For users extending this repository, we have provided command line options to help with the development process. The develop mode will allow you to specify a path to a local file rather than using the upload button within the web app. It will also show develop mode in the app mode selection box which where you can implement beta stage models.

# custom arguments must be passed after two dashes, otherwise they will be interpreted as arguments to Streamlit itself.
streamlit run main.py -- -h  # show possible CLI arguments
streamlit run main.py -- -v  # verbose

# run app in developer mode to include beta functions and additional features
streamlit run main.py -- -d
streamlit run main.py -- --develop

# the following will be interpreted as a Streamlit option and give an error
streamlit run main.py --dev

# specify path to local data instead of using the upload option 
# only available in develop mode 
streamlit run main.py -- -d, -p='example/path_to/data.xlsx'
streamlit run main.py -- --develop, --path_to_data='example/path_to/data.xlsx'

Custom Models

To create your own custom model and deploy it within the app, create a new model script under app/components/models/ and create a class object inheriting python class BaseModel. This will allow you to access all the data preprocessing and training hyperparameter settings. Inheriting python class BaseModel forces you to implement all necessary methods to run the web app smoothly.

Once you have created a script for your custom script, update app/components/interactive.py to import your model and add appropriate parameter toggles. Once you are familiar with the streamlit interface, move onto app/components/experiment.py script to automate your experiments across various training parameters.

# Structure of GSurvWeb
main.py
app/
├─ components/
│  ├─ models/
│  │  ├─ base_model.py
│  │  ├─ support_vector_machine_model.py
│  │  ├─ random_forest_model.py
│  ├─ data_summary.py
│  ├─ experiment.py
│  ├─ interactive.py
tests/

Unit Testing

This project uses the Pytest framework for setting up unit tests. The current tests are set up to check deployment of mainly the frontend api rather than the analysis of the provided data. Testing of the model's performance given various possible user uploads are essential in making this project more reliable. The authors have only checked reliability for the data used for our publication.

For users who introduce custom models, we would strongly recommend writing appropriate test scripts as well.

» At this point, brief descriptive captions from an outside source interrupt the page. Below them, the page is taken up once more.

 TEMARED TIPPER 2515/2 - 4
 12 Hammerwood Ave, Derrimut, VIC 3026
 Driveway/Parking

To run tests before deployment, simply run:

pytest  # use -v option for detailed test results

Streamlit Tips

Streamlit can be deployed using streamlit cloud. However, one may wish to use other cloud services for development or deployment. In the case of the authors, we used the beta version of github codespaces to develop the initial version of this project. In such cases, the following script may circumvent some issues. Click here for more information on this issue.

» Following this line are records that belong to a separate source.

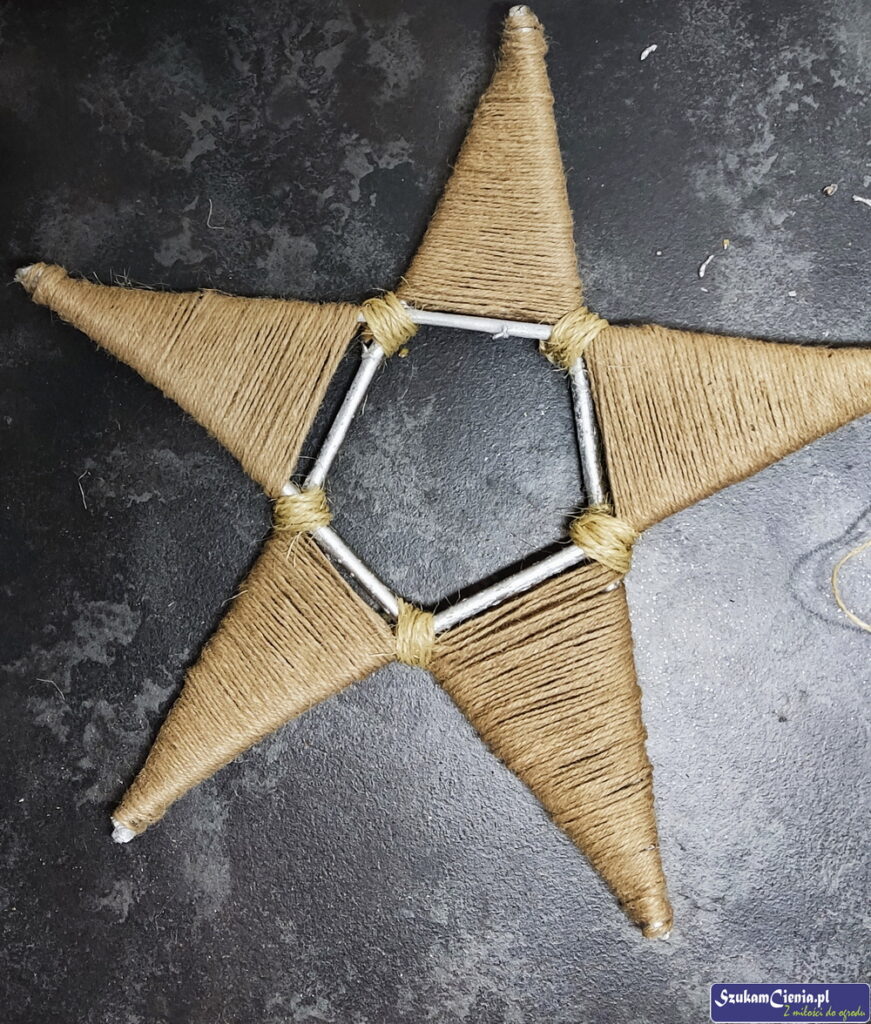 gwiazda owinięta sznurkiem jutowym i konopnym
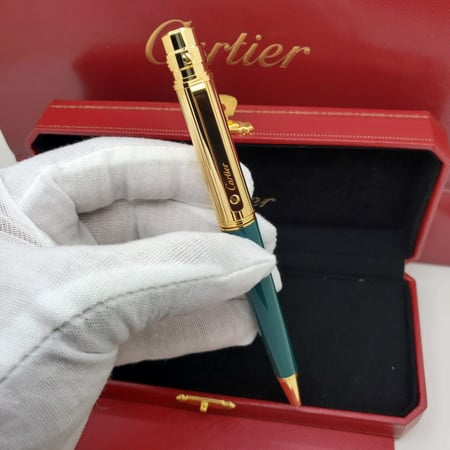 قلم كارتير سانتوس فرار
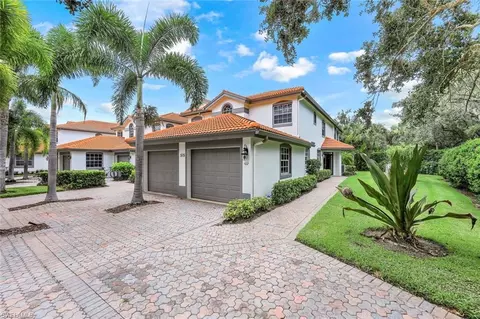 515 Laguna Royale Blvd #102, Naples, FL 34119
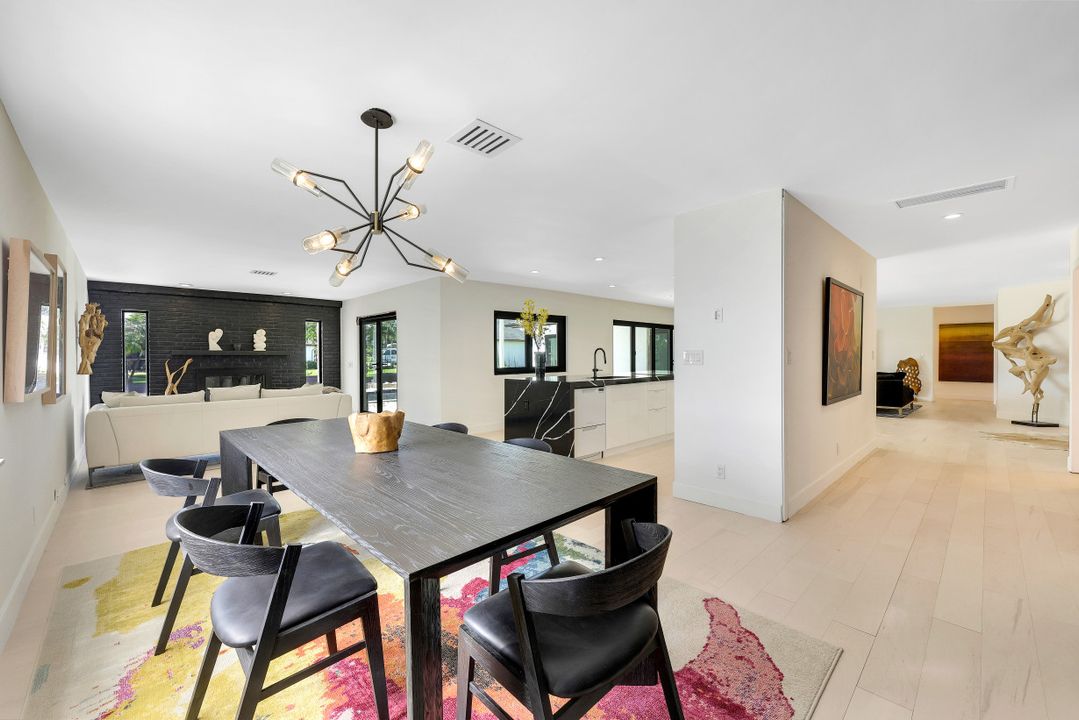 70 Thorncrest Ln, Naples, FL 34113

streamlit run main.py --server.enableCORS=false --server.enableWebsocketCompression=false -- [custom arguments]

Feedback

We welcome all feedback including bug reports, pull requests, general remarks and questions.

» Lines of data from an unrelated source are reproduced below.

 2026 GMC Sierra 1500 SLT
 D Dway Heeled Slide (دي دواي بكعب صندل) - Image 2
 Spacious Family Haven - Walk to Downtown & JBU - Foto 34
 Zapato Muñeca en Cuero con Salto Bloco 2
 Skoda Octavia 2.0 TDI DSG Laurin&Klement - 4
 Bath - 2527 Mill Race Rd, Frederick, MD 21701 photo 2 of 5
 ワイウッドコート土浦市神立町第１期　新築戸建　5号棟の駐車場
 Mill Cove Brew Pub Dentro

You may contact the authors via email.

Contributors

The work was started by a group of transplant surgeons at Guy's and St.Thomas' NHS Foundation Trust who were interested in learning about machine learning in clinical data. Dr Woochan Hwang joined as a junior doctor in the renal department.

Authors: Dr Woochan Hwang, Mr Usman Harron, Mr Ravindhran Bharadhwaj, Mr Torath Ameen, Mr Pankaj Chandak, Miss Zakri Rhana

Citing

This work is currently submitted for peer review.

License

Copyright holders Hwang 2022.

Distributed under the Apache License 2.0.